Третья волна личностного чувства относится к времени Минской династии (1368-1644) и представлена именами философов субъективно-идеалистического направления Ван Янмина, Ван Гэня и особенно Ли-чжи, который писал: “Каждый человек, которому Небо даровало жизнь, имеет свое собственное индивидуальное предназначение, и ему незачем узнавать его из Конфуция” [38].

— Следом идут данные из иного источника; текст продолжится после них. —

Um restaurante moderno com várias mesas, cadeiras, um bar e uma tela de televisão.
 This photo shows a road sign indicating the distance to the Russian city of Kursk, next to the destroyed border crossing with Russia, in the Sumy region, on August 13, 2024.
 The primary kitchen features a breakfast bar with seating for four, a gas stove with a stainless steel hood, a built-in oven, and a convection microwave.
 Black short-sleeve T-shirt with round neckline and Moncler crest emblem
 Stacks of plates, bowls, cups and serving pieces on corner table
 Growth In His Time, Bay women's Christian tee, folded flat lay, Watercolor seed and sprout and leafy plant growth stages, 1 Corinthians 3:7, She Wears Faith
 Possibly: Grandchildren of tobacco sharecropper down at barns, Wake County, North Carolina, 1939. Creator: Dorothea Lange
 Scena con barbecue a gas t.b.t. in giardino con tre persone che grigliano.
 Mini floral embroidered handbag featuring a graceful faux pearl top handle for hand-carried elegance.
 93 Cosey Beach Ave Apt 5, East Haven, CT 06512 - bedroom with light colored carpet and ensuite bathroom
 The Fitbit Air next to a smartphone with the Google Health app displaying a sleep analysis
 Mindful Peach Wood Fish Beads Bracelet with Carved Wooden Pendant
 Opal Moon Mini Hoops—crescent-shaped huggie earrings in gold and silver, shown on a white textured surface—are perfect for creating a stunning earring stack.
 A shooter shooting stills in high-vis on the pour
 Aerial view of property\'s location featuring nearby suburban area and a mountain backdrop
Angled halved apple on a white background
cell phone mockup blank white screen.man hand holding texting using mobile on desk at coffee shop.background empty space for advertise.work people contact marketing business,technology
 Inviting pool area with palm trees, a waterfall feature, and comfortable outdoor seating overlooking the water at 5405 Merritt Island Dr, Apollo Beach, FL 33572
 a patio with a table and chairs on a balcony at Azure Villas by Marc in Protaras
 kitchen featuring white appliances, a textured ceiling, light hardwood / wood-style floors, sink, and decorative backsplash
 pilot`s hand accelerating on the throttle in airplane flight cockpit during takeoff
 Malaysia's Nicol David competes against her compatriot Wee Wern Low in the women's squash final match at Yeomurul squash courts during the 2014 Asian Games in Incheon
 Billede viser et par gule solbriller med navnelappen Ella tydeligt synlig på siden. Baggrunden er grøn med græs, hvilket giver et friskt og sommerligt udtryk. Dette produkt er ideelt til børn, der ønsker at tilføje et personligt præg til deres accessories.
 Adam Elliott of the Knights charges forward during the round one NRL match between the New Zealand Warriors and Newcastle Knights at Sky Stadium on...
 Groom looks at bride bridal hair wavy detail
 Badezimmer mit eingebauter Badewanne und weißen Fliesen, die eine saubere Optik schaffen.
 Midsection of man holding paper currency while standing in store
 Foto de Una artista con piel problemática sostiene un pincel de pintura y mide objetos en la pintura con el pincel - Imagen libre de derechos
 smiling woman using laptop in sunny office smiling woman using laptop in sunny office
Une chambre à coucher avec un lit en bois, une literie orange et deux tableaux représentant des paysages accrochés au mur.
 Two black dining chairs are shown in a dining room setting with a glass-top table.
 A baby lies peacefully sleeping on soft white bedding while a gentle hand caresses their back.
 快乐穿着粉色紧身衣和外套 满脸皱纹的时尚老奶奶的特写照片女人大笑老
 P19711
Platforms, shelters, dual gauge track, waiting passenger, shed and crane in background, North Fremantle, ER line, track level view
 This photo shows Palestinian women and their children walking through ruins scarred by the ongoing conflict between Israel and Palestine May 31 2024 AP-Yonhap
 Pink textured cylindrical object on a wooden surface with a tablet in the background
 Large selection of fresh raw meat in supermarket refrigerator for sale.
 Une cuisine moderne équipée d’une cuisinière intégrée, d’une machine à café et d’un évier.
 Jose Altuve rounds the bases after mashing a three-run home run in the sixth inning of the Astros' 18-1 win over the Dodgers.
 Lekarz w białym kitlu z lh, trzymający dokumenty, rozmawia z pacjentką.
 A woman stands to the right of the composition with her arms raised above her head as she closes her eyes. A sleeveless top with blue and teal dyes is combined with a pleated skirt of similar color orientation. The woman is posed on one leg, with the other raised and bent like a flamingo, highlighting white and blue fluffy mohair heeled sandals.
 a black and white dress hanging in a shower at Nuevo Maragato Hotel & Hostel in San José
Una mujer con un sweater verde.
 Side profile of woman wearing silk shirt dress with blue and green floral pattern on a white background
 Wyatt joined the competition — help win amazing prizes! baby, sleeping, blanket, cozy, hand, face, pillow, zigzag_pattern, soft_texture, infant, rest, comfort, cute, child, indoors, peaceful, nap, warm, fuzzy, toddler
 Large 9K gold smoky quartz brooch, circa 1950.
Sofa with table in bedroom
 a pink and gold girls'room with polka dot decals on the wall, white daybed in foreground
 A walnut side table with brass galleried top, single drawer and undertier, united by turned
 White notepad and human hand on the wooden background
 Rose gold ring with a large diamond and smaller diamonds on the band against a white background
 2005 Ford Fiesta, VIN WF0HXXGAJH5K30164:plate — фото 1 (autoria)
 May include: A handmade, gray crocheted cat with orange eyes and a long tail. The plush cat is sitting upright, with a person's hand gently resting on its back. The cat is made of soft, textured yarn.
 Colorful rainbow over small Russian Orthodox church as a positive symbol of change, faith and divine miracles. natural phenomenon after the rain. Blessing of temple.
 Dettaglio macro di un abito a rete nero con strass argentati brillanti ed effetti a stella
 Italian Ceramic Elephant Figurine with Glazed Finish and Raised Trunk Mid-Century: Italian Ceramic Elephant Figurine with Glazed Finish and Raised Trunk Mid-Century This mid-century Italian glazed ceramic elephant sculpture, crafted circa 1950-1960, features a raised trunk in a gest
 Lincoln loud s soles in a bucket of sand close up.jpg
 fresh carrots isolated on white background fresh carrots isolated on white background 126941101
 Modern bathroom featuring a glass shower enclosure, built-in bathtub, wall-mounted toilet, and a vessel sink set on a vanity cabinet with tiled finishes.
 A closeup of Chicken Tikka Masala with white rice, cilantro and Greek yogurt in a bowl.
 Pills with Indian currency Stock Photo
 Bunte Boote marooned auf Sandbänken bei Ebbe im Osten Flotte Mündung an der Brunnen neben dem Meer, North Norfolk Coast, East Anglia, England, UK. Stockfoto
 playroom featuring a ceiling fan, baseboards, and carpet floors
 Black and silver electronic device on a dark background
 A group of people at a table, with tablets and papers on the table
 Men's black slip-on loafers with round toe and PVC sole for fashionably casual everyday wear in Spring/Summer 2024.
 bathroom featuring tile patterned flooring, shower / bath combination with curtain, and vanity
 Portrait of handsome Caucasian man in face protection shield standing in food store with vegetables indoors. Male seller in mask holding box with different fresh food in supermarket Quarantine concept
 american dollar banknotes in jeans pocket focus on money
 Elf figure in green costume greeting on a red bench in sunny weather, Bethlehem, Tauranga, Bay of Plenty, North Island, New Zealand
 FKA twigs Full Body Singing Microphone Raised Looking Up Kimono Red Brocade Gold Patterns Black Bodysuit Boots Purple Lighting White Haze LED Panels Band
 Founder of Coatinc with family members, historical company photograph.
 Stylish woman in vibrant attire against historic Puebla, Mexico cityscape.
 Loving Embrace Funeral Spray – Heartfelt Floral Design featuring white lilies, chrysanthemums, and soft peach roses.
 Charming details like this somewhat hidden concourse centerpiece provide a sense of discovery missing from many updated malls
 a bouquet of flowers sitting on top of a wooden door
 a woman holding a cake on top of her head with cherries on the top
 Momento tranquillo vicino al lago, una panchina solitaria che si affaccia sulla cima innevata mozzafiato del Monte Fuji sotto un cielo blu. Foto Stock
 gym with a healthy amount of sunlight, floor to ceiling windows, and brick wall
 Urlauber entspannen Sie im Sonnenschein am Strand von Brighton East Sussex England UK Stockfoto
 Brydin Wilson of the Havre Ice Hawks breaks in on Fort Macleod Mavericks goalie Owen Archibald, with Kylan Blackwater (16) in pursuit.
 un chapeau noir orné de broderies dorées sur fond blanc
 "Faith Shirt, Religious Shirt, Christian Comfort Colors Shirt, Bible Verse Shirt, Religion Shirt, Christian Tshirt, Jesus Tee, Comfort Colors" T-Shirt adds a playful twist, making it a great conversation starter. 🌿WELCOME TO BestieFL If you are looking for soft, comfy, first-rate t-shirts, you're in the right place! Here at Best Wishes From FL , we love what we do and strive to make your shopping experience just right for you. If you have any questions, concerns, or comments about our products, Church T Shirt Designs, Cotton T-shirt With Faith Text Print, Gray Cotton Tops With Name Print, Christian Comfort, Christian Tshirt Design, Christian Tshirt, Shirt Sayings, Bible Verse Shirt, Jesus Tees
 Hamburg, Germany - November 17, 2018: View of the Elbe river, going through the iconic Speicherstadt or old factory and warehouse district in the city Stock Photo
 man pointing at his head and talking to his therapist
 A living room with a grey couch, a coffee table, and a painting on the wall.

Колебания философских умонастроений тесно связаны с изменениями социального климата и диапазона реальных возможностей общественной деятельности. Когда общество находится на подъеме, оно стимулирует людей к предметной, посюсторонней самореализации. В тупиковые периоды истории, когда жизнь скована жесткими рамками бюрократической рутины, возможности конструктивной общественной деятельности суживаются, порождая у творческих людей тягостное ощущение своей ненужности. Чтобы реализовать свои потенции, они либо вступают на путь революционной борьбы, но для этого далеко не всегда имеются необходимые социальные и личностные предпосылки, либо вынуждены искать спасение в бегстве, уходе в свой глубоко запрятанный внутренний мир.
А может, лучшая победа
Над временем и тяготеньем
Пройти, чтоб не оставить следа,
Пройти, чтоб не оставить тени
На стенах…
Может быть – отказом
Взять? Вычеркнуться из зеркал?
Так: Лермонтовым по Кавказу
Прокрасться, не встревожив скал [39].
В европейской культуре настроение, подобное тому, которое выражено в эмигрантских стихах М. Цветаевой, возникает в моменты безысходного отчаяния и большей частью бывает преходящим. На Востоке же, где периоды социальной немоты длились столетиями, культура выработала нормативную реакцию ухода: из жизни вообще (самоубийство), из общественной жизни (монашество) или от связанных с нею горестей и разочарований (созерцательное “недеяние”). Не случайно мысль, что величайшие люди проходят по жизни незамеченными, часто повторяется индийскими философами. Так, Вивекананда считает Будду, Христа, которых знают, героями второго порядка по сравнению с более великими, о которых мир не знает ничего, которые проходят молча, ничего не добиваются, потому что знают истинную цену мысли [40].